Ned Fritz formed the Texas League of Conservation Voters, was the first chairman of the Texas Consumer Association, and launched a conservation committee for the Texas Academy of Science. He founded the Dallas Audubon Society and fostered other organizations focused on endangered species, land protection, and wildlife habitat. In the 1960’s, Ned traveled repeatedly to Washington, D.C., to serve as a consumer affairs advisor to the Lyndon B. Johnson Administration. Ned authored three award-winning books: Sterile Forest, Clearcutting: A Crime Against Nature, and the beautiful Realms of Beauty: The Wilderness Areas of East Texas.

Genie Fritz took her concern for the environment into her roles as President and a long-time Board Member of the Dallas League of Women Voters.
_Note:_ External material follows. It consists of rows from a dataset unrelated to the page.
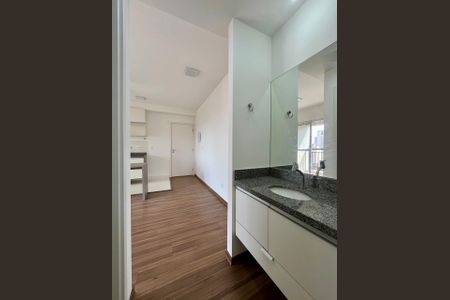 Banheiro de apartamento para alugar com 1 quarto, 36m² em Cambuí, Campinas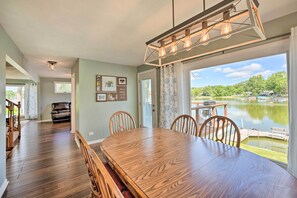 Dining - Lakefront Oasis w/ Boat Dock, Fire Pit, Grill (Bristol)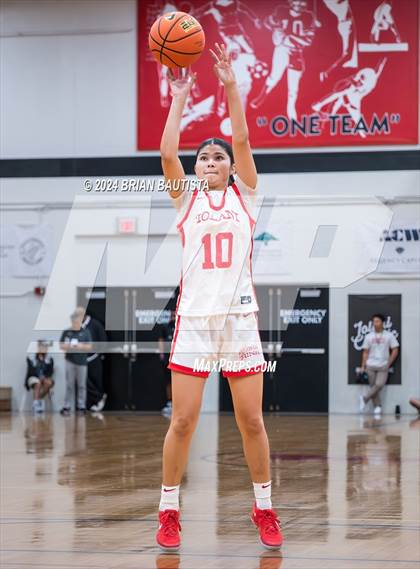 Thumbnail 3 in 'Iolani vs Etiwanda (Iolani Classic) photogallery.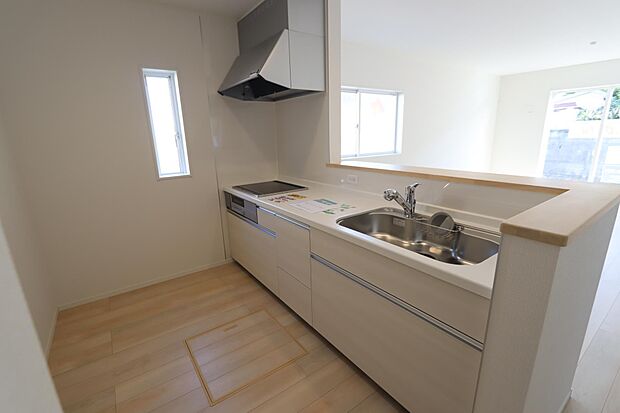 飲み物や缶詰の保存に便利な床下収納付き♪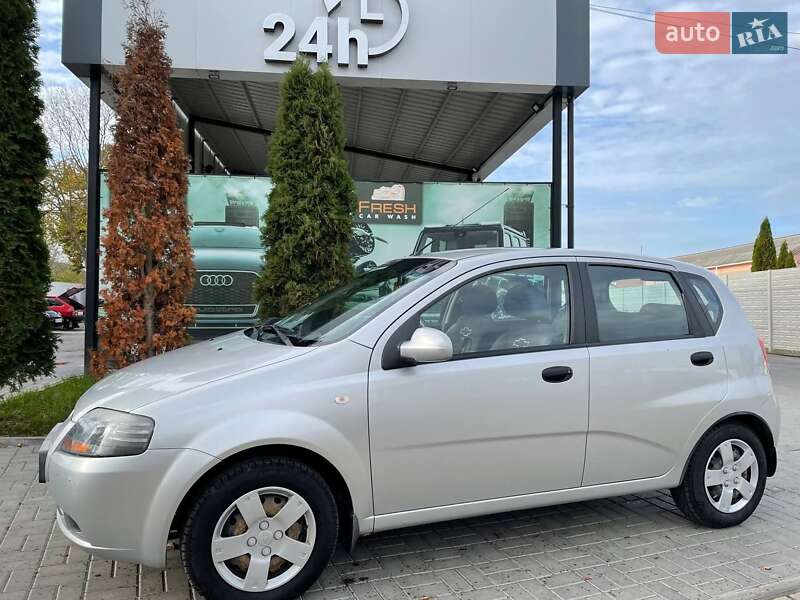 Хетчбек Chevrolet Aveo 2008 в Здолбуніві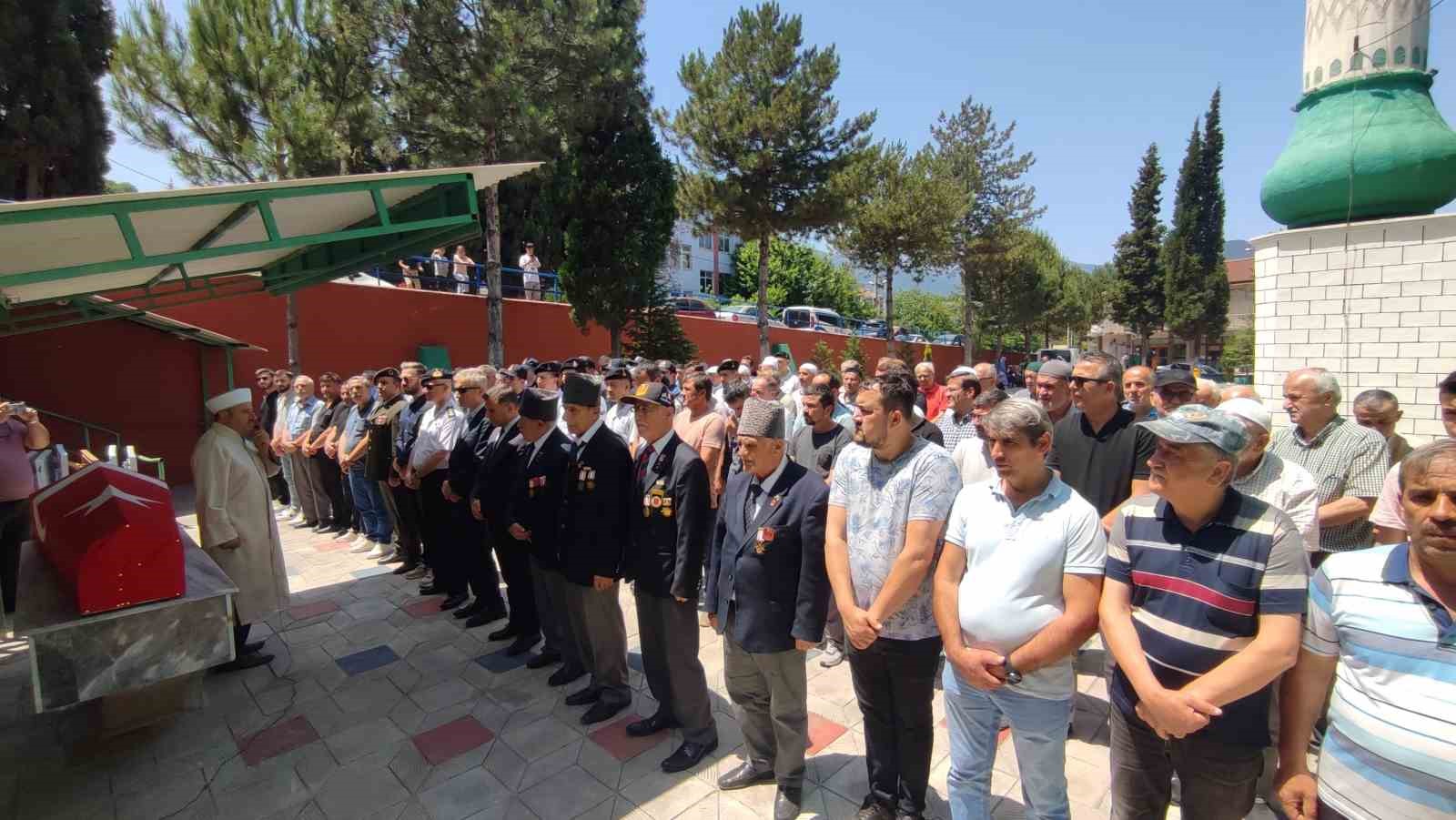 Kıbrıs gazileri törenle sonsuzluğa uğurlandı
She served on the State Board of the League and was Secretary of its Overseas Education Fund, which focused on teaching women about democracy. She also served as President of the Women’s Southwest Federal Credit Union, Board Member of the Tejas Council of Girl Scout (where she led two girl scout troops), Treasurer and President of the Greater Dallas Housing Opportunity Council, and Board Member at the First Unitarian Church of Dallas.
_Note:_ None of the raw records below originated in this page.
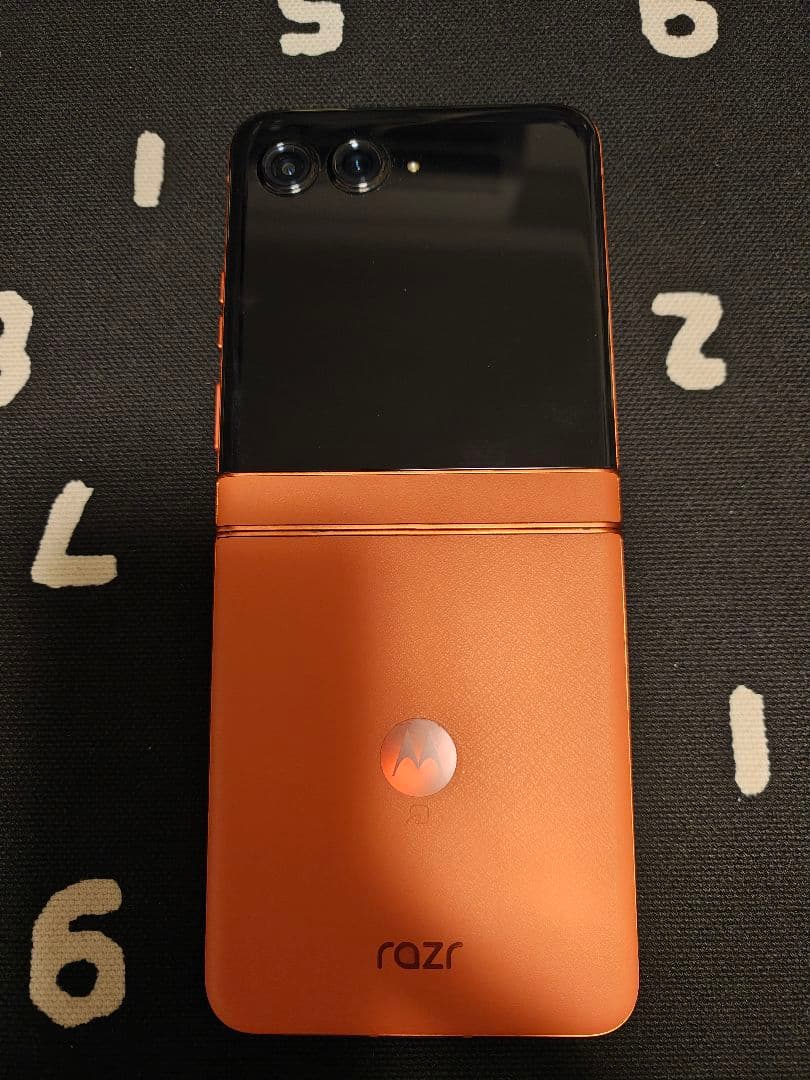 か*ん様 Motorola razr 50 SIMフリー　12+512GB オマ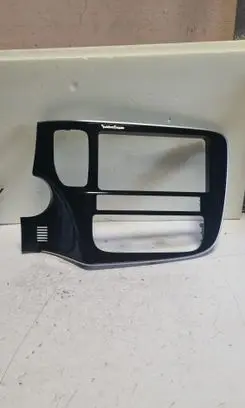 Mitsubishi Outlander Radio/GPS head unit trim 8002B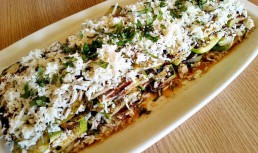 Dovlecei la gratar cu telemea si menta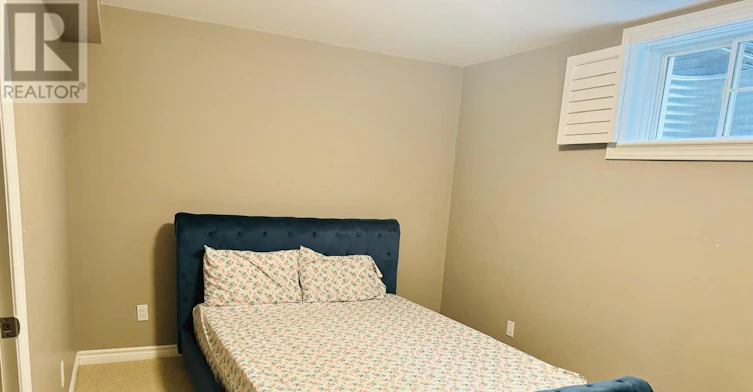100 Creekside Drive, Welland, ON, L3C 0B4 - 16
Ned received many prestigious national awards: the American Motors Conservation Award, 1983, the Sol Feinstone Environmental Award, 1978, and the Theodore Roosevelt Award, presented by President George H. W. Bush, in 1991. He was awarded an honorary doctorate from Southern Methodist University in 1992 and has been honored by the National Wildlife Federation, The Nature Conservancy, the National Audubon Society, Sportsmen Conservationists of Texas, the Sierra Club, and the League of Women Voters of Texas.

Ned and Genie Fritz are the citizens who singularly deserve the credit for saving what Dallas has left of the natural Trinity River and were the champions at saving the Texas Buckeye Grove at William Blair Park in Dallas. They made their lasting mark on the Trinity with efforts to keep interests from channelizing the Trinity from Dallas to the Gulf of Mexico in 1973. The vision Ned saw back then of a patchwork collection of old remnants of Trinity River bottom land that when roughly cobbled together formed one of the largest urban parkland areas in the United States. He called it The Great Trinity Forest and contemporary Dallasites still call it by that name today.